Take a bowl and fill it with water and add poha and wash it. Drain all the water and squeeze the poha and keep aside in another bowl by adding and mixing little turmeric powder and little salt to it.

Now, Heat 1 tbsp oil in a pan and add seasoning. Add onions and fry till transparent.Add the remaining turmeric powder and salt. Mix well and add roasted peanuts. Add atukulu and mix well amd switch off the flame and close with a lid for 4 to 5 minutes.

September 29, 2011

Pongali / Rice Dal Khichdi


1. Raw rice- 1 rice cup

2.Pesarapappu – 1 rice cup

3. Tomato medium chopped -1

4.Big onion grated/chopped – 1

5. Carrot grated – 1

6. Green chillies (slit)- 2 to 3


Mustard seeds / aavalu – little less than 1tsp

Cumin seeds / jeera – little less than 1  tsp

Karvepak / Curry leaves – few.

8. hing – a big pinch

9. Pepper powder – 1tsp

10. Water – 4 1/2 rice cups

11. Salt- according to taste.


In a pressure cooker , add tempering and fry well. Add Green chillies,chopped/grated onion,grated carrot and allow it to get well cooked. Then, add a big pinch of hing and pepper powder. Mix well and add washed rice and pesarapappu.Mix well.
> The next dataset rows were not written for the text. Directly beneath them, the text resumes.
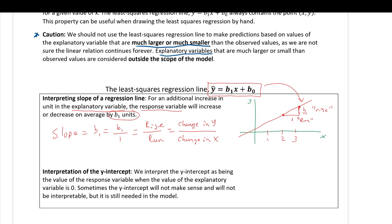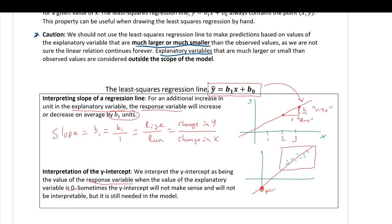The y-intercept is interpreted as the value of the response variable when the explanatory variable is zero. Sometimes the y-intercept won't make sense and won't be interpretable because it's outside the scope of the data, but we still need it in the model. For example, if all the data is far from x = 0, the y-intercept exists but may have no practical meaning.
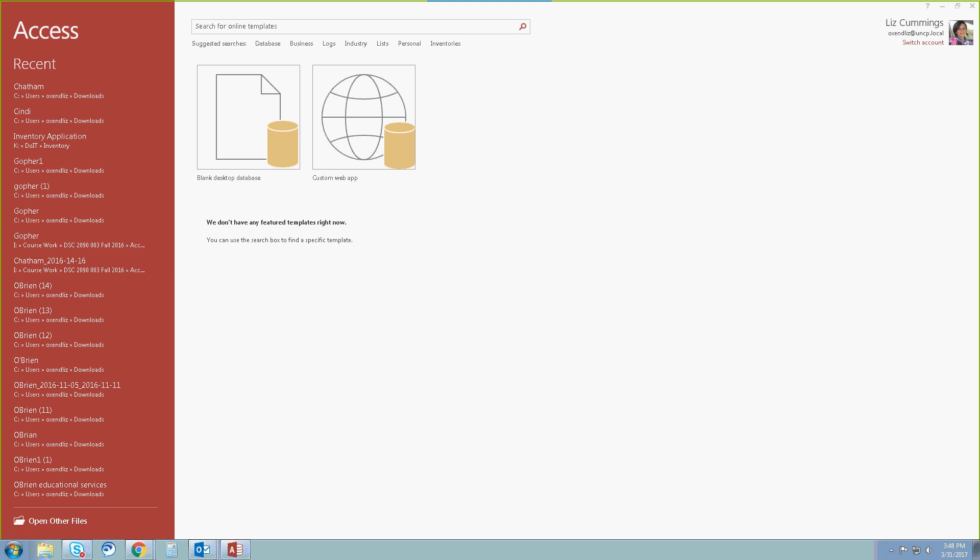Hi class. We're going to pick up starting in Tutorial 2, looking at building a database and defining table relationships. And in section 2.1, we're going to look at the guidelines for designing databases and setting field properties.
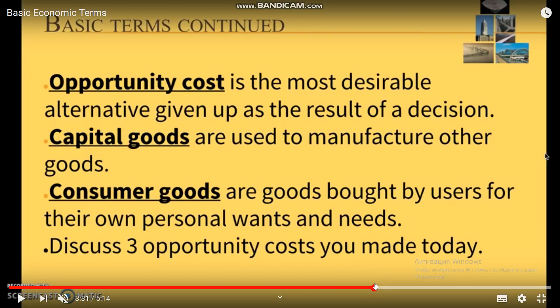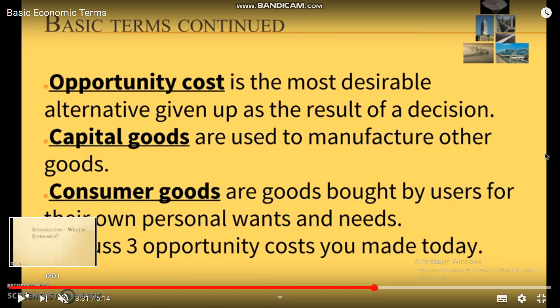Opportunity cost is the most desirable alternative given up as a result of a decision. Capital goods are used to manufacture other goods. Consumer goods are goods bought by users for their own personal wants and needs. Discussion: Name three opportunity costs you made today. Thank you for your attention.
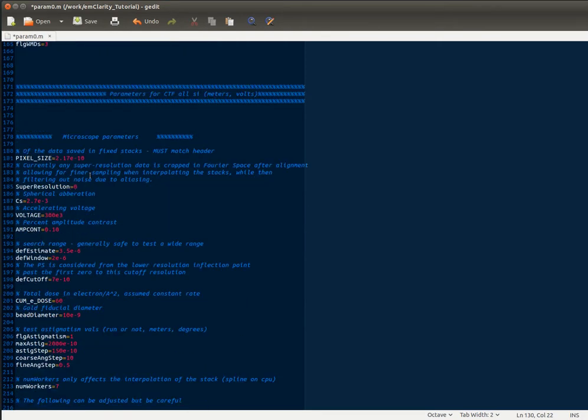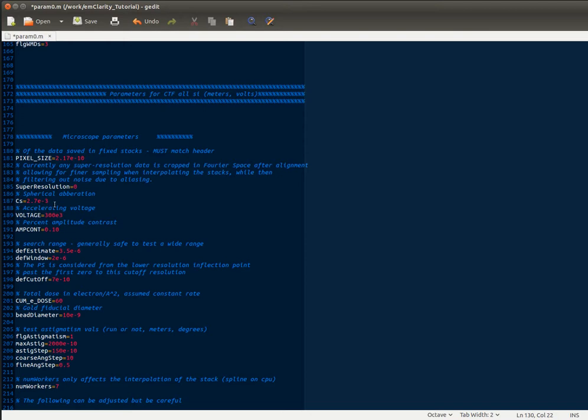And then your microscope parameters are something you'll need to set up. So for this particular tutorial data set, the pixel size is 2.17 angstroms, and everything here is specified in SI units, so that e to the negative 10 just gives you angstroms. It's not a super resolution data set. If you turn this flag to one, it will assume that you've done the tilt series alignment at super resolution, but everything after that will go back to the raw data and it will Fourier crop it to the physical Nyquist frequency to help remove any aliasing from noise. The spherical aberration for this particular microscope is 2.7 millimeters. That's going to be true for a lot of you doing your experiments. The voltage is 300 kilovolts. In amplitude contrast, you can choose a value between generally 0.07 and 0.14. 0.1 seems to work well for a lot of things.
After 3 to 4 minutes add water and salt. Mix and close lid. Allow to pressure cook for 3 whistles.

Once  done, open the lid and mix the pongal well. Serve with any chutney of your choice.

Tags: ,
August 28, 2011

Gunta Ponganalu

Prep:Overnight fermentation Prep & Cooking: 20 mts

Serves 4-5 persons

Source: Sailu’s Kitchen

Ingredients :

1. Raw rice – 2 rice cups. Soak in water overnight.
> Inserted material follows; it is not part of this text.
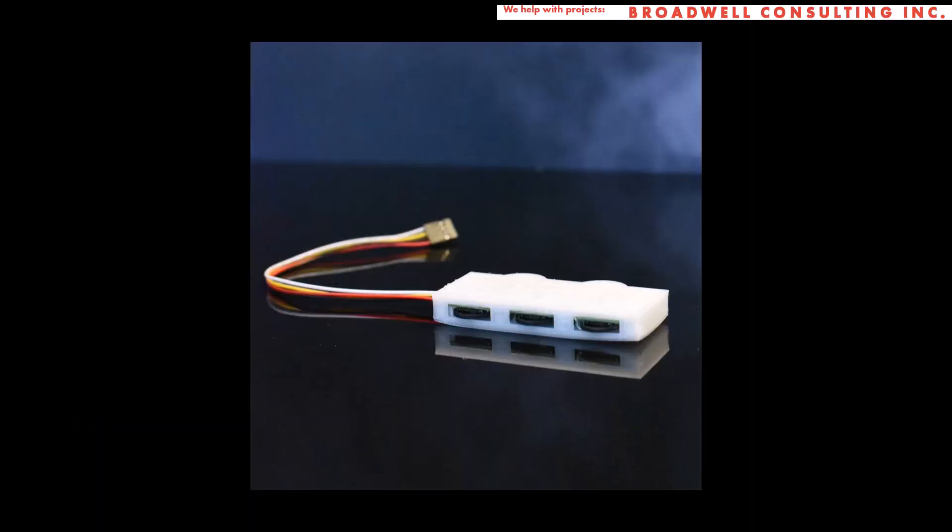In our next video, we will test it out by connecting up to it with an Arduino sketch. So hit subscribe so that you can see the final video in this series.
2.Fenugreek seeds /Menthulu – 1 tsp

3.Urad dal/minappa pappu – 1 rice cup . Soak for 4 to 5 hours.

4.Onion – 1 chopped finely

5. Green chilli-ginger paste – 1 1/2 tsps

6.Cumin seeds-1 tsp

7.Channa dal/senaga pappu, soaked in water for an hour – 2 fistfuls

8.Chopped coriander leaves – 1 tbsp

9.oil for frying

10.salt to taste

11.Cooking Soda


Soak rice, urad dal and methi seeds for 7-8 hrs. Strain and grind the soaked dal and rice to a fine paste. Ferment the batter for 6-7 hrs. Add cooking soda ,salt to taste and combine well. (Alternately you can use left over dosa or idli batter too.)

Add chopped onions, green chilli-ginger paste, soaked channa dal, cumin seeds and coriander leaves to the batter and combine well.

Pour few drops of oil into each depression of the ponganalu penam. Place flame on medium high for a mt. Pour batter into each depression and allow to cook with lid for 4-5 mts undisturbed and cook on low to medium flame. It will cook to a golden brown shade. Flip over with help of a spoon or fork and allow to cook for 2-3 mts without lid.

Remove onto absorbent paper. Serve hot with chutney of your choice.